A six-year investigation by the DOT resulted in 150 convictions and $47 million in fines from the illegal sale of those counterfeit parts. The ongoing investigations didn’t end there, as the FBI became involved and set up sting operations under Operation Skycrook to catch thieves stealing parts from other commercial craft and selling them “as new” to the aviation industry.
The amount of counterfeiting and illegal hardware acquisition that has gone on in the aviation industry is astounding. From 1973 to 1996 alone, the FAA found that unapproved hardware was responsible for 174 accidents that resulted in 17 fatalities and 39 injuries. What’s more, they also found there is an extensive underground industry that makes old and worn parts look like newly manufactured hardware, complete with forged documentation and signatures.
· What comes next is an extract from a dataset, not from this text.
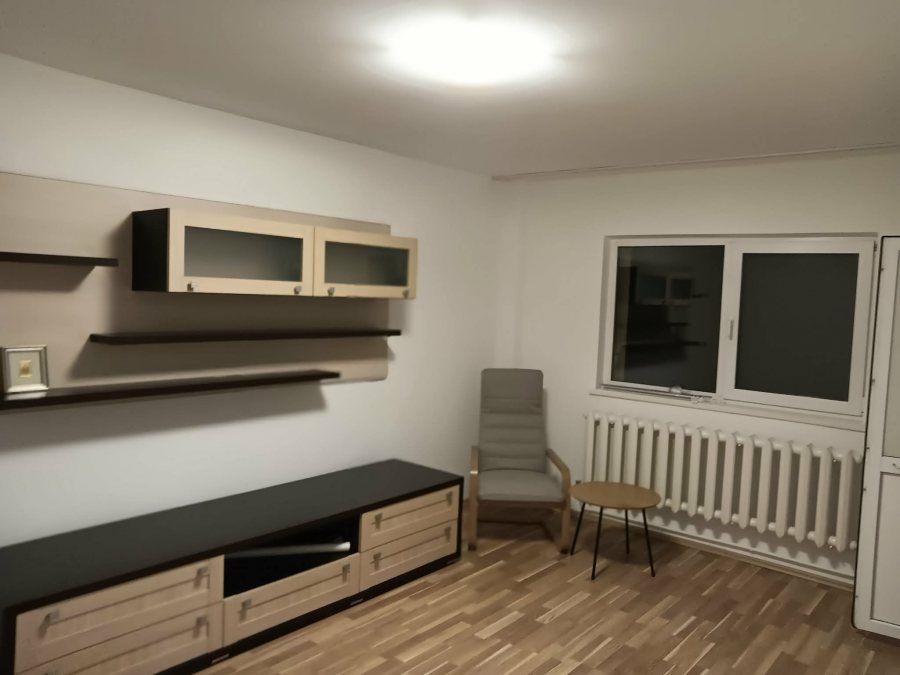 Nicolina Scoala Alecu Russo apartament 2 camere decomandat 56 mp cu CT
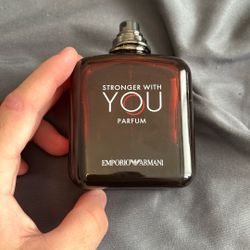 stronger with you parfum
Selling, acquiring or manufacturing counterfeit aircraft hardware can result in jail time under the Aircraft Safety Act. (Image credit: Publicdomainpictures)
Commercial aviation wasn’t the only industry to find fakes in their inventory. Even the U.S. Air Force and Navy have been plagued by the influx of unapproved hardware, which resulted from the purchase “off-the-shelf” hardware that hadn’t undergone the rigorous quality control from reputable manufacturers. They have even been found on Air Force One, though they were only defective parts on a fire-extinguishing system rather than bogus fasteners.
As a way to combat the influx of counterfeit parts entering the aviation/aerospace industry, several laws have been put in place. For example, the Aircraft Safety Act (introduced in 2000) allows the government to actively target and prosecute any entity involved in the manufacturing, distribution, or sale of any bogus or illegally acquired aircraft hardware. Couple that act with those regulations mentioned earlier, and you can understand why it pays to buy legit.